Exercise instructions:
For every record here, output an exact copy.

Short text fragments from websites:

--------------------------------

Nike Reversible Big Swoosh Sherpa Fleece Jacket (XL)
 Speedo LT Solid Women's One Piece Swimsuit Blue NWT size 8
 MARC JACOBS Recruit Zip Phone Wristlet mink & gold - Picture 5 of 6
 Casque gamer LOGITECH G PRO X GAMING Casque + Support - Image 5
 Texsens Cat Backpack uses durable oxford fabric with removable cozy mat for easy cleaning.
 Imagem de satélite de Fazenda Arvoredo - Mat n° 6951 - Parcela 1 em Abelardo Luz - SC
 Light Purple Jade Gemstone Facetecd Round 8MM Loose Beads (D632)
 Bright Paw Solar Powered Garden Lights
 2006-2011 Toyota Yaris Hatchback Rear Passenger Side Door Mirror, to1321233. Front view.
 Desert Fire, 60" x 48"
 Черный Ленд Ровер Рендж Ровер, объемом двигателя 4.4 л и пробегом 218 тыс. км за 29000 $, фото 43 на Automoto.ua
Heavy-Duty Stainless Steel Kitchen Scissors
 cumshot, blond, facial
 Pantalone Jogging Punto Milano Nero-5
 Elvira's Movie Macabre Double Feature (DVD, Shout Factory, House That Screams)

--------------------------------

Result of this task:
Nike Reversible Big Swoosh Sherpa Fleece Jacket (XL)
 Speedo LT Solid Women's One Piece Swimsuit Blue NWT size 8
 MARC JACOBS Recruit Zip Phone Wristlet mink & gold - Picture 5 of 6
 Casque gamer LOGITECH G PRO X GAMING Casque + Support - Image 5
 Texsens Cat Backpack uses durable oxford fabric with removable cozy mat for easy cleaning.
 Imagem de satélite de Fazenda Arvoredo - Mat n° 6951 - Parcela 1 em Abelardo Luz - SC
 Light Purple Jade Gemstone Facetecd Round 8MM Loose Beads (D632)
 Bright Paw Solar Powered Garden Lights
 2006-2011 Toyota Yaris Hatchback Rear Passenger Side Door Mirror, to1321233. Front view.
 Desert Fire, 60" x 48"
 Черный Ленд Ровер Рендж Ровер, объемом двигателя 4.4 л и пробегом 218 тыс. км за 29000 $, фото 43 на Automoto.ua
Heavy-Duty Stainless Steel Kitchen Scissors
 cumshot, blond, facial
 Pantalone Jogging Punto Milano Nero-5
 Elvira's Movie Macabre Double Feature (DVD, Shout Factory, House That Screams)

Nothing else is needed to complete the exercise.